Throughout my career in the automotive business, there have always been consistencies at every dealership across the nation. Every dealer wants to grow their business and be more profitable, and every dealer also wants to find new ways to keep their team motivated and productive. Recently, a dealer friend of mine asked if there was a way to calculate which day of the month he started putting profit on the bottom line. The reasoning for this question was his desire to give his team a different way of tracking and measuring dealership profitability. This idea piqued my interest, and together, we got to work on generating this metric for the store. Eventually, we settled on the following methodology.
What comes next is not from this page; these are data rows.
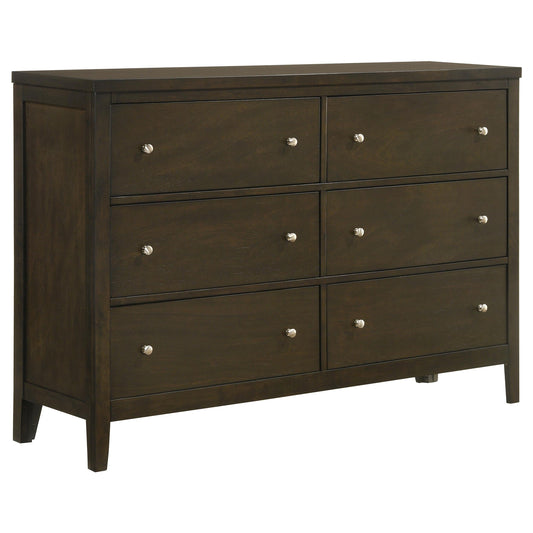 Wilkes Dresser in Dark Cocoa - Coaster Furniture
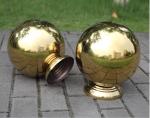 304 Large Hollow Steel Ball Inox Handrail For Stair Railing Golden polished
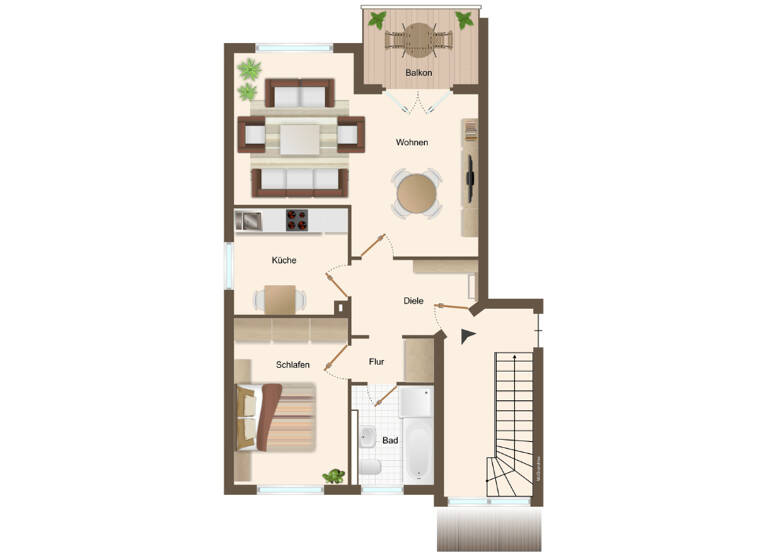 Wohnung zum Kauf 139.000 € 2 Zimmer 57,7 m² Elgershausen Schauenburg 34270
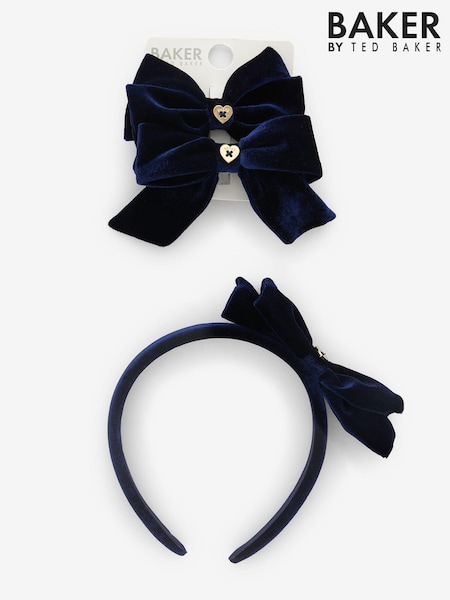 Baker by Ted Baker Girls Back to School Navy Three Piece Multipack (K72459) | €24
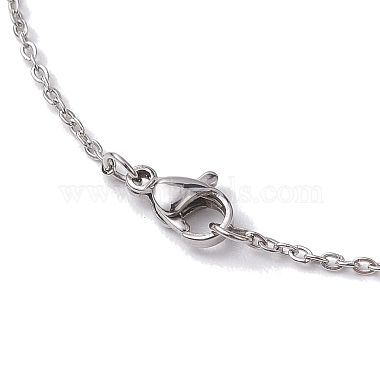 Angel Alloy and Spiral Shell Pendant Necklaces(NJEW-JN04841)-6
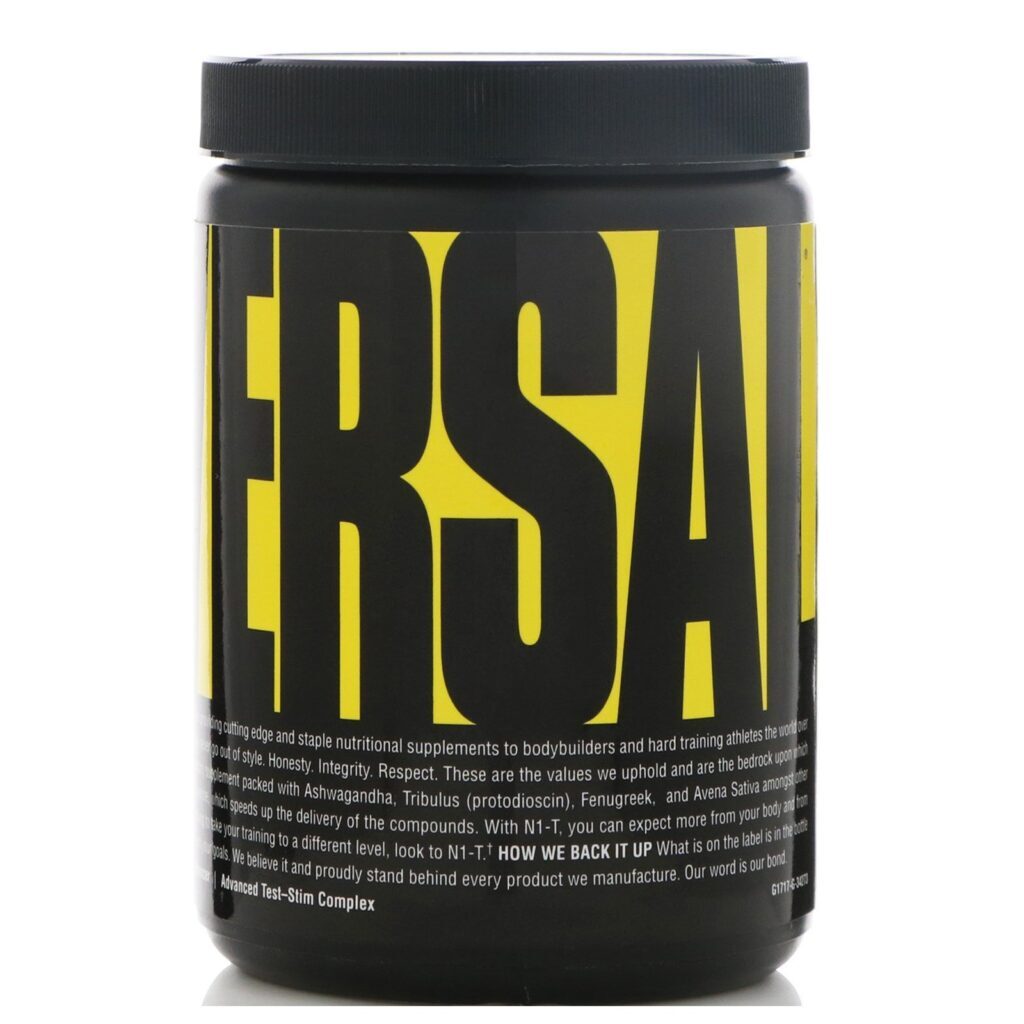 Universal Nutrition, N1-T, Suplemento de Testosterona Natural, 90 Cápsulas — foto 2 Universal Nutrition, N1-T, Suplemento de Testosterona Natural, 90 Cápsulas - Imagem 2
By calculating a store's fixed net loss, and reviewing your average gross in any given month, you can determine the day of the month the store started writing black ink.

How to Calculate What Day You Start Making Money

Step 1. First, start with the total expenses less variable (sales commission, policy, delivery, etc.) incurred by the store for the month. Then, subtract the gross generated by your fixed operations. Your remainder is your fixed net loss.
total expense - fixed ops gross = fixed net loss

Step 2. Next, calculate your average gross (front and back) for your new and used vehicle sales. Of course, there are expenses incurred each time you sell a vehicle. So, we need to subtract your variable expense average (sales commission, policy, and delivery) from this number. This provides us with your average gross per copy minus variable expenses.
avg gross per copy - variable ops expenses avg

Step 3. Finally, divide your fixed net loss by your average gross per copy minus variable expenses. You now know how many units it took to cover all store expenses. The day of the month that you reached that unit volume in sales, is the day of the month that you started making money.
fixed net loss by your average gross per copy minus variable expenses.

How To Use This Metric

After figuring out exactly how many units, and average days, it took to start making money for his store, my dealer friend then challenged his team. Their new goal was start making money earlier than the previous month. If the breakeven day was the 22nd the previous month, and they were able to accomplish the challenge by the 21st this month, periodically he would spiff them a “fast start” bonus for their efforts.

I get to speak with dealers all the time, and we are always looking for different ways to motivate and measure our people. I found this approach to be a unique measure, and one that worked very well for this dealership. Now, I would challenge you to find out what day of the month did you start making money last month?